Provided material:

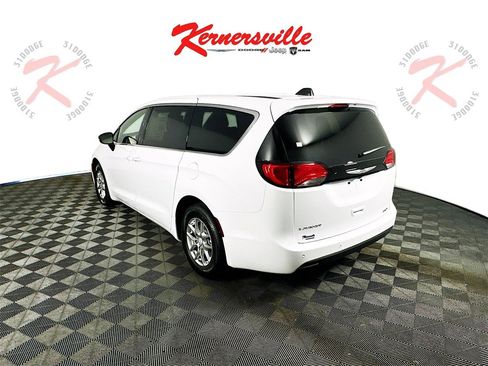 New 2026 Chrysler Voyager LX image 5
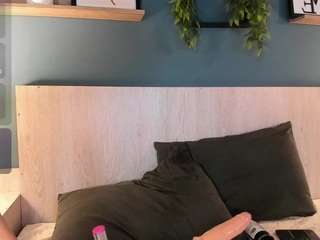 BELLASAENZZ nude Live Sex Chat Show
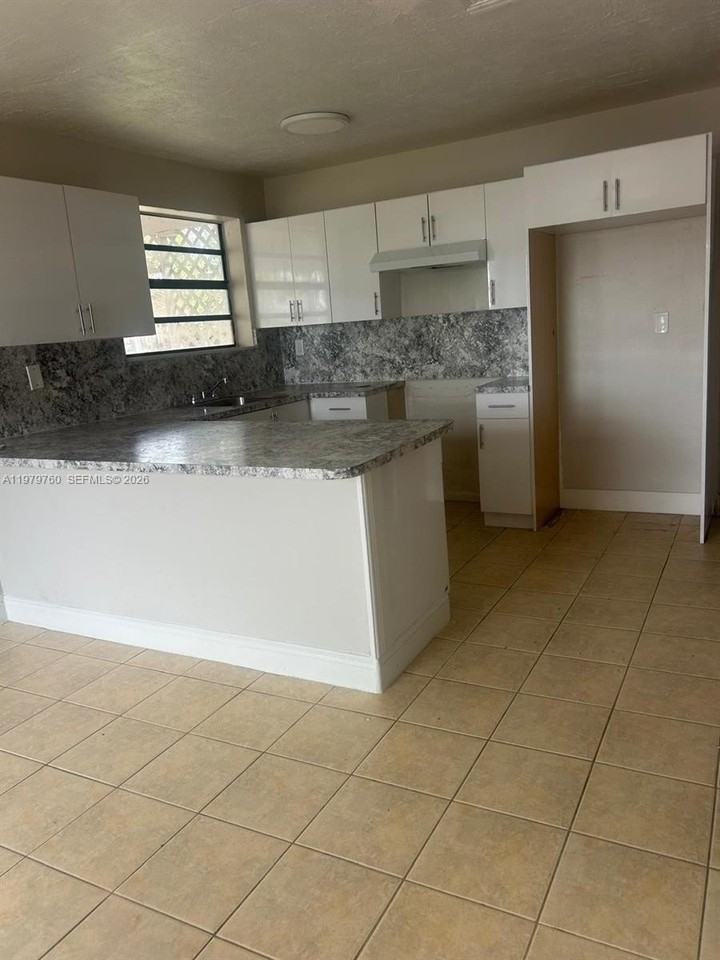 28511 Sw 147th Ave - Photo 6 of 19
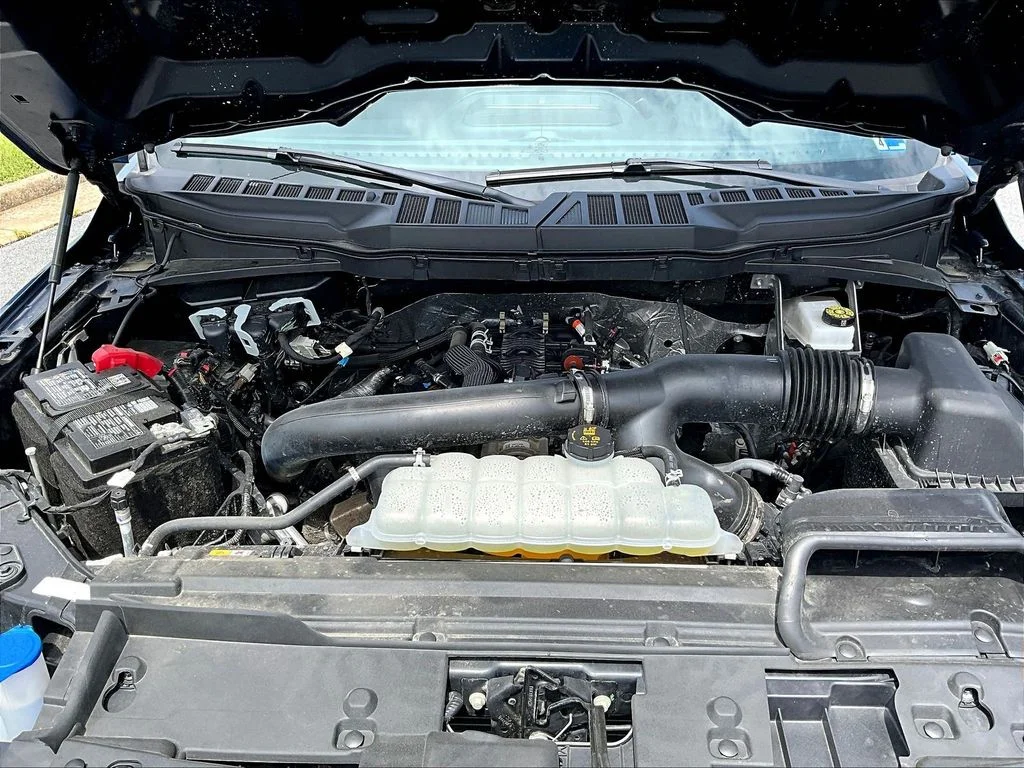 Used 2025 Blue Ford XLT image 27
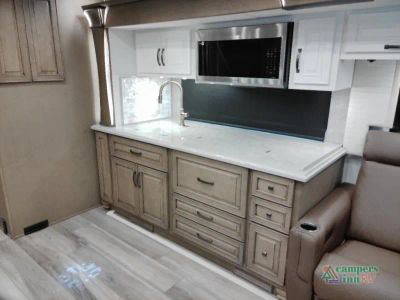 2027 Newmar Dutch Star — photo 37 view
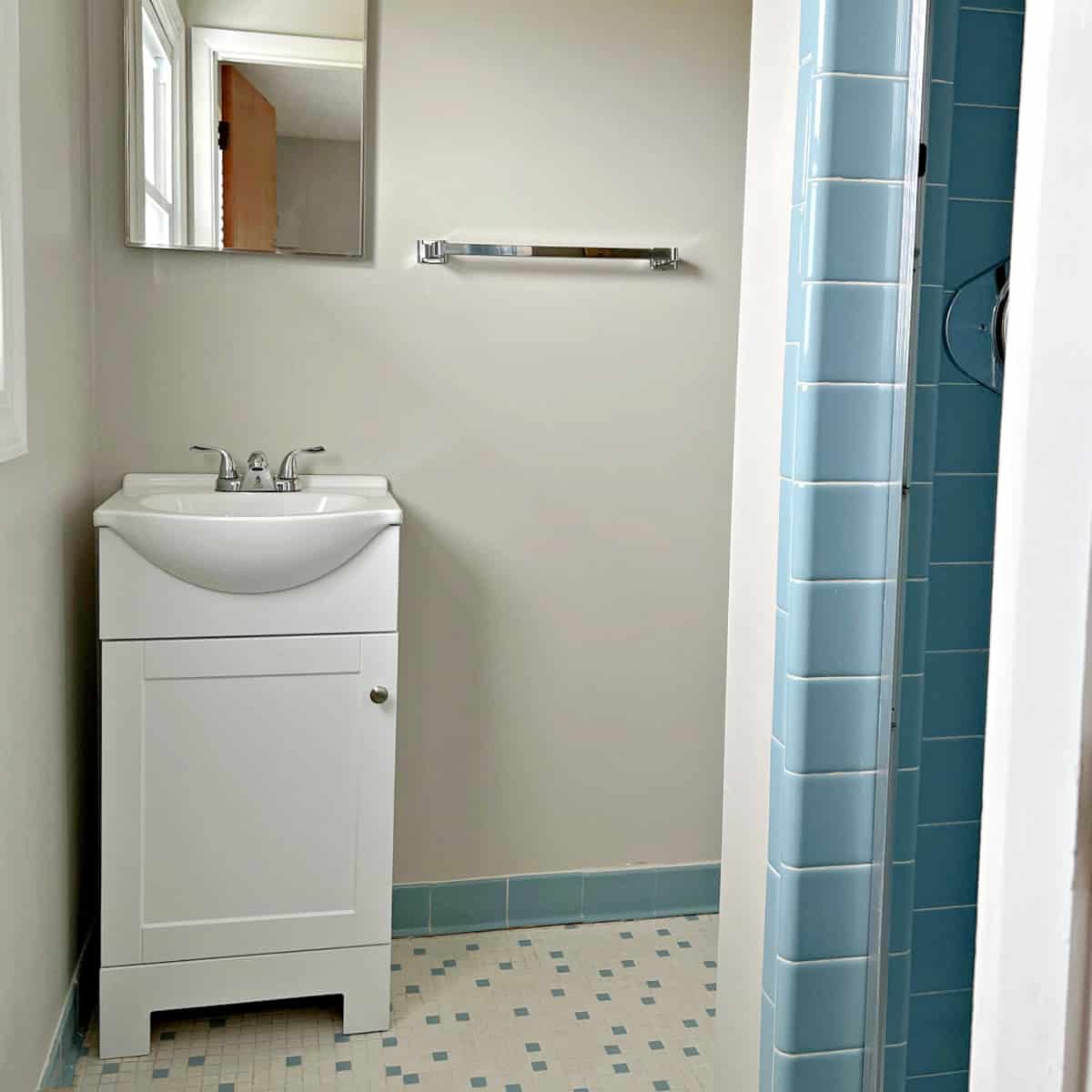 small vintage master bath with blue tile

What you have to do: Write out only the lines from the line containing "28511 Sw 147th Ave - Photo 6 of 19" through the end of the material above, both end lines included. Pictures are not written out.

Response to this exercise:
 28511 Sw 147th Ave - Photo 6 of 19
 Used 2025 Blue Ford XLT image 27
 2027 Newmar Dutch Star — photo 37 view
 small vintage master bath with blue tile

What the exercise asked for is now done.